Google DeepMind Publishes Exhaustive Paper on AGI Safety
Google DeepMind on Wednesday published an exhaustive paper on its safety approach to AGI, roughly defined as AI that can accomplish any task a human can.
AGI Controversy
AGI is a bit of a controversial subject in the AI field, with naysayers suggesting that it’s little more than a pipe dream. Others, including major AI labs like Anthropic, warn that it’s around the corner, and could result in catastrophic harms if steps aren’t taken to implement appropriate safeguards.
DeepMind’s Predictions and Concerns
DeepMind’s 145-page document, which was co-authored by DeepMind co-founder Shane Legg, predicts that AGI could arrive by 2030, and that it may result in what the authors call “severe harm.” The paper doesn’t concretely define this, but gives the alarmist example of “existential risks” that “permanently destroy humanity.”
Exceptional AGI and Superintelligent AI
“[We anticipate] the development of an Exceptional AGI before the end of the current decade,” the authors wrote. “An Exceptional AGI is a system that has a capability matching at least 99th percentile of skilled adults on a wide range of non-physical tasks, including metacognitive tasks like learning new skills.”
Off the bat, the paper contrasts DeepMind’s treatment of AGI risk mitigation with Anthropic’s and OpenAI’s. Anthropic, it says, places less emphasis on “robust training, monitoring, and security,” while OpenAI is overly bullish on “automating” a form of AI safety research known as alignment research.
Recursive AI Improvement and AI Safety
The paper also casts doubt on the viability of superintelligent AI — AI that can perform jobs better than any human. (OpenAI recently claimed that it’s turning its aim from AGI to superintelligence.) Absent “significant architectural innovation,” the DeepMind authors aren’t convinced that superintelligent systems will emerge soon — if ever.
The paper does find it plausible, though, that current paradigms will enable “recursive AI improvement”: a positive feedback loop where AI conducts its own AI research to create more sophisticated AI systems. And this could be incredibly dangerous, assert the authors.
Proposed Solutions and Challenges
At a high level, the paper proposes and advocates for the development of techniques to block bad actors’ access to hypothetical AGI, improve the understanding of AI systems’ actions, and “harden” the environments in which AI can act. It acknowledges that many of the techniques are nascent and have “open research problems,” but cautions against ignoring the safety challenges possibly on the horizon.

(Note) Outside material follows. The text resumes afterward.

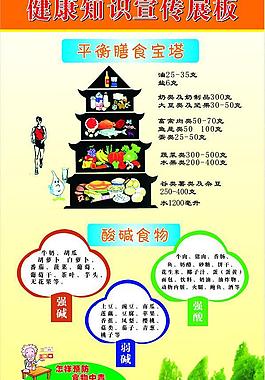 健康知識宣傳展板圖片
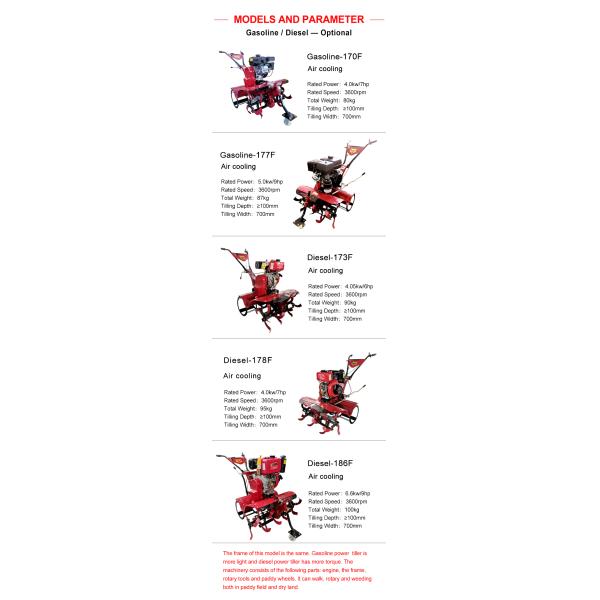 160*62*108cm Gasoline Engine 4WD Power Tiller for Agricultural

“The transformative nature of AGI has the potential for both incredible benefits as well as severe harms,” the authors write. “As a result, to build AGI responsibly, it is critical for frontier AI developers to proactively plan to mitigate severe harms.”
Expert Disagreements
Some experts disagree with the paper’s premises, however.
Heidy Khlaaf, chief AI scientist at the nonprofit AI Now Institute, told TechCrunch that she thinks the concept of AGI is too ill-defined to be “rigorously evaluated scientifically.” Another AI researcher, Matthew Guzdial, an assistant professor at the University of Alberta, said that he doesn’t believe recursive AI improvement is realistic at present.
“[Recursive improvement] is the basis for the intelligence singularity arguments,” Guzdial told TechCrunch, “but we’ve never seen any evidence for it working.”
Conclusion
Comprehensive as it may be, DeepMind’s paper seems unlikely to settle the debates over just how realistic AGI is — and the areas of AI safety in most urgent need of attention.
FAQs
Q: What is AGI?
A: AGI is roughly defined as AI that can accomplish any task a human can.
Q: When can we expect AGI to arrive?
A: DeepMind predicts that AGI could arrive by 2030.
Q: What are the potential risks of AGI?
A: The authors of the paper warn of “severe harm” and even “existential risks” that could “permanently destroy humanity.”
Q: What is recursive AI improvement?
A: It is a positive feedback loop where AI conducts its own AI research to create more sophisticated AI systems.
Q: What is the proposed solution to mitigate AGI risks?
A: The paper proposes techniques to block bad actors’ access to hypothetical AGI, improve the understanding of AI systems’ actions, and “harden” the environments in which AI can act.